Even in a good mood, teens are A LOT.
They talk about themselves or don’t talk at all. They get worked up over the most immature things, argue with an 8-year-old, get mad at toddlers, become angry because the entire family didn’t pick the movie they wanted to watch. They leave you wondering if they’re 15 or 5 and wanting to holler back,
“Pick which age you want to be today or I’m gonna lose it!”
They NEED you like none of your kids have ever needed you and they don’t give a squat about the fact that you have to be at work on time. Sometimes I spend so much time on my teen, the little kids don’t get as much attention on a given day and the inevitable wave of mom guilt crashes.

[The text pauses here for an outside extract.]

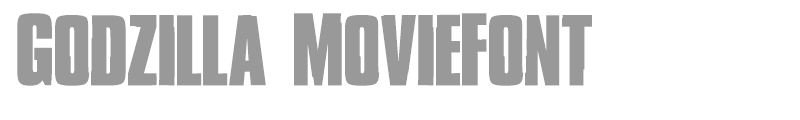 Godzilla MovieFont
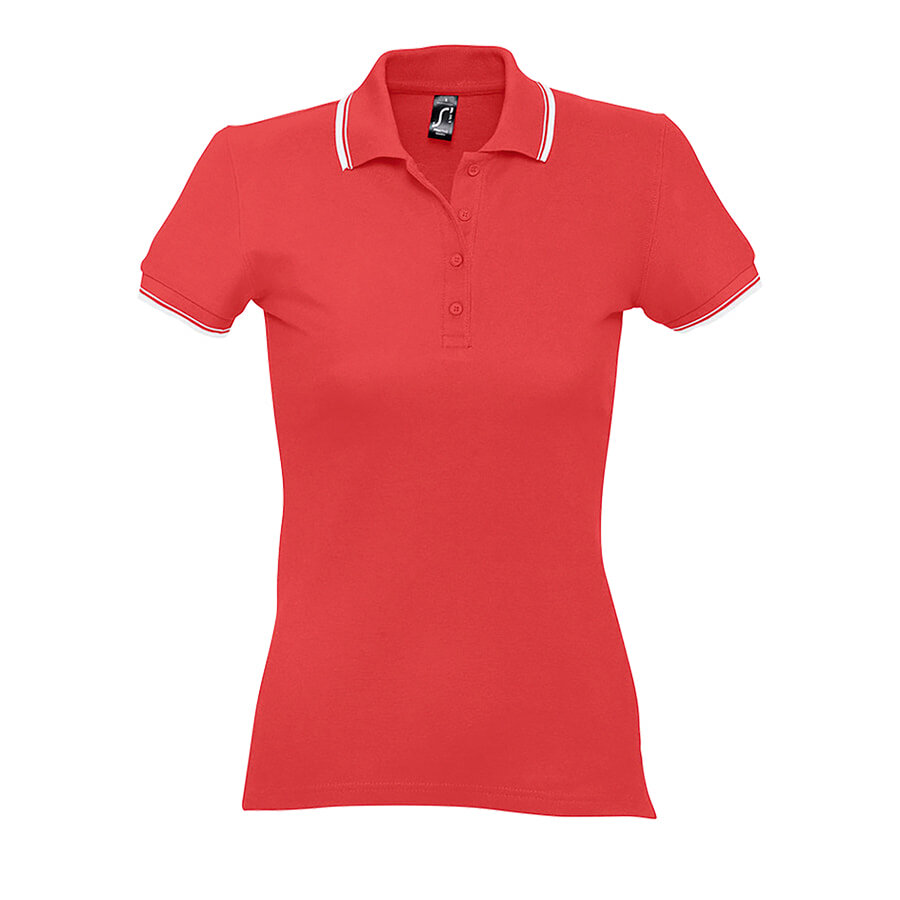 711366.145/XL&nbsp;2730&nbsp;Поло "Practice Women" красный с белым_XL, 100% х/б, 270г/м2&nbsp;107685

The merry-go-round of it all leaves me woozy and wondering if I messed up somewhere.
This isn’t everything.
Teens are these powerful beings that you can’t believe have grown so independent and strong, seemingly out of nowhere. They are a peek at our own impermanence. I look at my child, knowing he’ll be gone in a few years, and I think back to his newborn days whenever 18 looked like a distant fantasy. He’s pulling away, walking away, and the end is right there.

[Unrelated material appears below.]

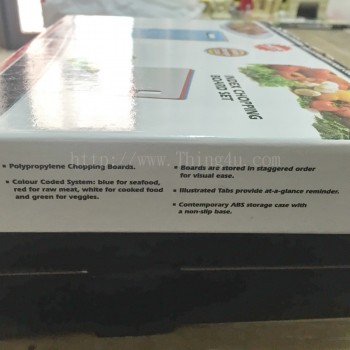 ชุดเขียงเหลี่ยม4ชิ้น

He can make me laugh like no other, cry like no other, beam with pride and hide in shame. All in the same day.
I don’t know what I’m doing. I don’t know how to parent this teenager. I owe it to him to stand my ground whenever he is wrong. I owe it to him to tell him when he’s right. I owe it to him to discuss the flaws that I know might cause him strife, to crush the entitlement, to teach him how to work, to teach him how to love.
This is why I feel so alone in this. To change from anger toward him I didn’t know was possible and then to a deep sadness at the thought of him leaving… over and over again…I just wasn’t prepared for this
and the struggle is REAL.
When our babies are babies, we look ahead and we see so much time. Now, I look into a finality that I never wanted to arrive. I wonder where all of our time went, I pray for it to come back, and watch him head out for a world that he knows nothing about, just as I once did. I see, in him, everything I could change about my own adult mistakes. I want everything good for him, no pain, no struggle and yet, to be the man he will become he will need to have problems and learn to grow through them…
on his own.
I will have to let go. I don’t know how to do this yet, but I feel the lesson creeping up behind me.
Check on your friends with teens, we are not okay!